» **Given data**:
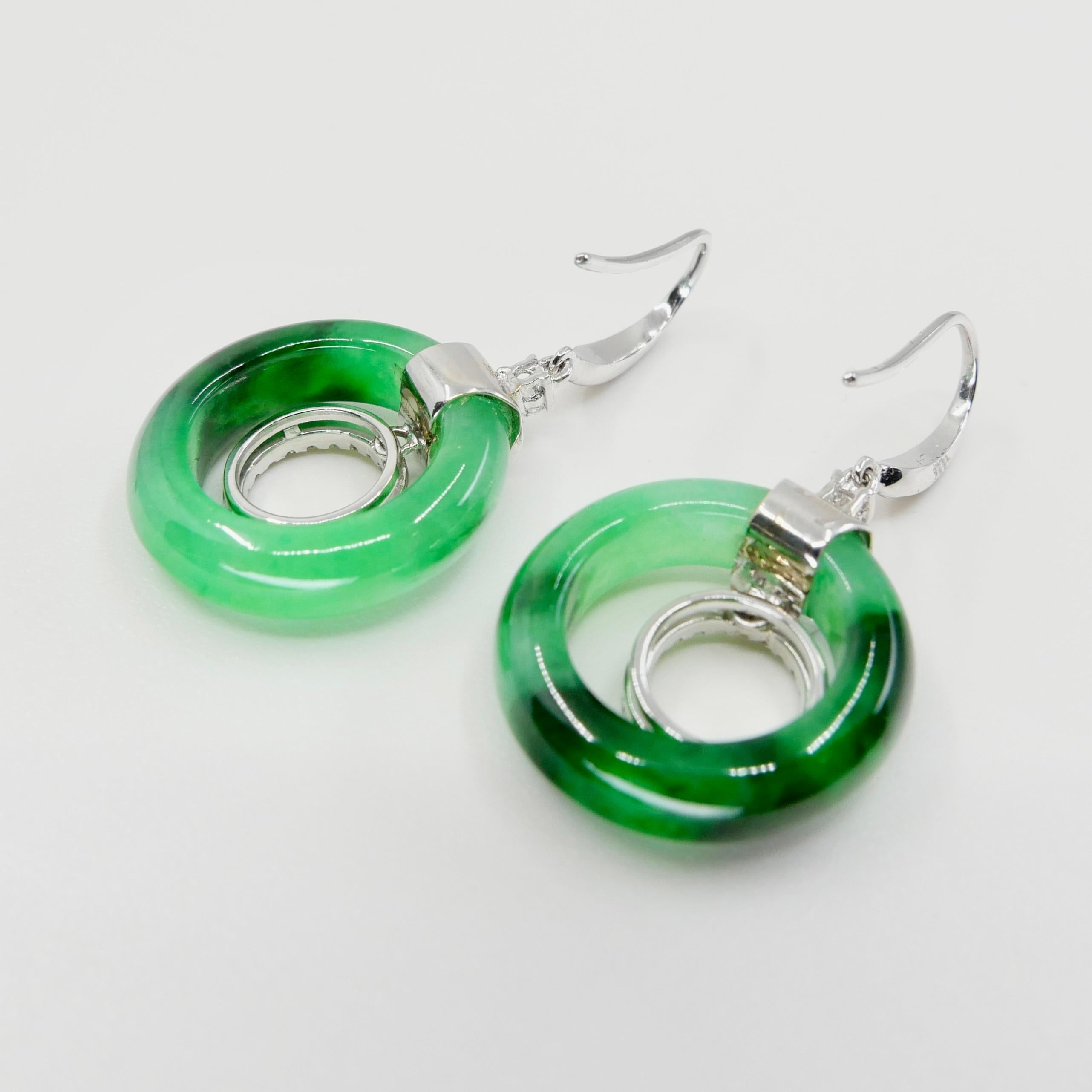 Certified Natural Icy Apple Green Jade & Diamond Drop Earrings, Super Glow For Sale 8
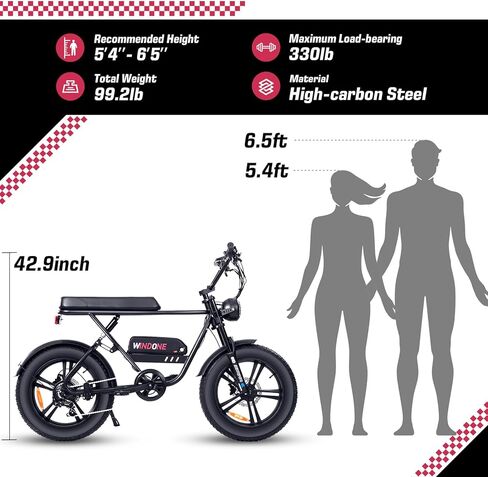 دراجة كهربائية K2 للبالغين، محرك طاقة 750 وات، بطارية قابلة للإزالة 48 فولت 13 أمبير، دراجة كهربائية بإطار سميك لجميع التضاريس 20 بوصة 28 ميل في الساعة و46.6 ميل مع وسادة ممتدة، معتمدة من UL، نظام تثبيت السرعة، دراجة إلكترونية حضرية in Kuwait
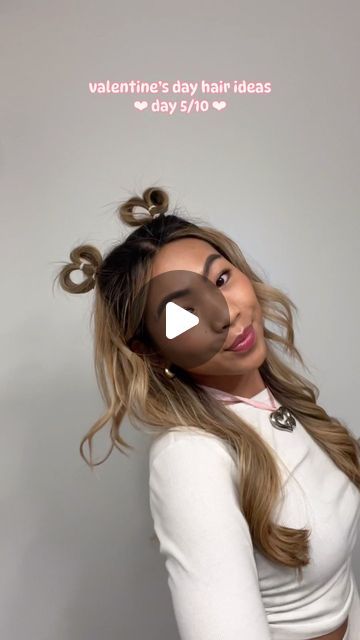 Daniella Guinjicna | DANA on Instagram: "how to get heart antennas 💗💗 follow for more! — #hairstyleoftheday #hairstyletutorial #valentinesdayhair #valentinesday #hairaesthetic #hearthair #hairstyleinspiration" How To Do Hearts In Hair, Heart Shaped Space Buns, Cute Heart Hairstyles, Heart Shaped Ponytail, Heart Buns Hair, Heart Space Buns, Heart Buns Hairstyle, Heart Pigtails, Hairstyle Heart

» **Your task**: Return, exactly as they stand, the lines from the opening line of the listing through the line with "دراجة كهربائية K2", both ends counted, and no pictures.

» **Written response**:
 Certified Natural Icy Apple Green Jade & Diamond Drop Earrings, Super Glow For Sale 8
 دراجة كهربائية K2 للبالغين، محرك طاقة 750 وات، بطارية قابلة للإزالة 48 فولت 13 أمبير، دراجة كهربائية بإطار سميك لجميع التضاريس 20 بوصة 28 ميل في الساعة و46.6 ميل مع وسادة ممتدة، معتمدة من UL، نظام تثبيت السرعة، دراجة إلكترونية حضرية in Kuwait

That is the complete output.